# NUX MG-200 Multi Effects Pedal-You got to hear this thing!



## BRXM (Nov 25, 2010)

I just got a NUX MG-200 effects pedal from Europe. I actually bought it from HK, but it got shipped from Spain, through Switzerland to Canada for some reason. These are fairly popular in Asia and Australia, but not well known over here, but they are an awesome pedal as is the MG-100, but I didn't want an expression pedal with this one as I have an expression pedal on my Deltalab DGFX-1 pedal.

The MG-200 is simply the best sounding effects unit I have ever heard in my 40+ years of playing guitar and buying effects. I have spent a fortune on individual pedals in the past, and have a bunch of them now, but all of them combined do not come close to the sound that I get out of the NUX. 

It has an amazing looper/drum machine that has some of the best drum tracks ever. Not simple 4/4 beats, but fairly complex rock and other style rhythms built in and the looper records the drum track and your playing so you can record a very nice backing track to play to.

Its very easy to modify and save the sounds and the stock sounds that come out of this thing are out of this world. Even using a BBE Sonic Maximizer in your pedal chain cannot give the sheer amazing tone that this pedal pumps out. I know, I have the Sonic Stomp and used to use it , but I just don't need it at all with this pedal. 

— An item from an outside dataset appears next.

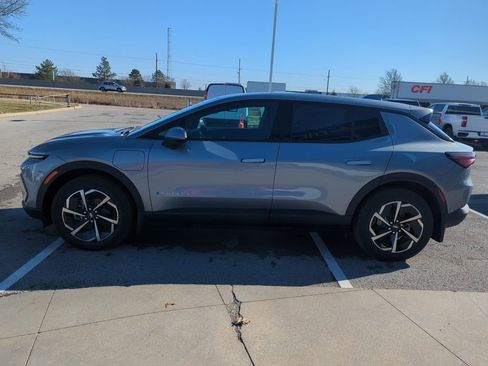 New 2026 Chevrolet Equinox EV LT image 9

I could go on and on about how awesome this is, but the best thing is that it was about $132.00 Canadian, shipped to my door. You would have to spend about $600+tax or more to get even close to the same amount of sounds that this pedal provides and even then, a BOSS multi effects unit doesn't sound anywhere near this good. I have had Digitech RP series pedals, POD pedals, amps with multi effects built in since they started making them years ago, and this beats them all. BTW, quality seems top notch, good switches, display panels and its built like a tank and also takes batteries as well as an adapter.

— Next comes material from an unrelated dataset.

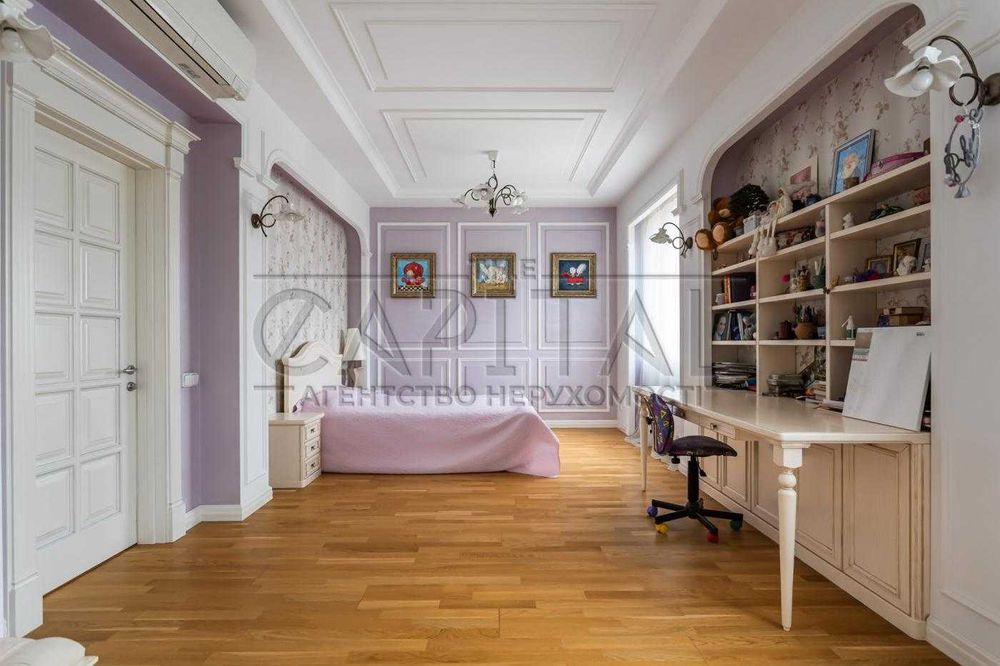 Оренда триповерхового будинку в Іванковичах, КМ Зоряний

And by the way, it has been my experience that using a good multi effects pedal is a great way to eliminate a lot of hum or feedback. I think its the amount of processing the sound goes through, but it just doesn't happen using these pedals but when I run straight through the same amp, I can get feedback or ground loop hum. Even if you are playing it clean, it still works.

You can find videos on YouTube demoing them, but it doesn't compare to how good it sounds in person. I'm using it through a Fender Frontman 15G, and you would not believe how good it sounds, even through that crappy little amp.


----------



## fretzel (Aug 8, 2014)

I have the NUX Time Core. Great little delay pedal. $50 delivered.


----------



## High/Deaf (Aug 19, 2009)

So this is significantly better than a Axe-FX or Kemper? For $132? I'm in!!!!!!!!!

But don't go trying to take away my feedback. I don't allow hum into any of my crappy, old pedal boards but feedback is an absolute 'must' every time I play. And especially when I play the 335 or 6120.


----------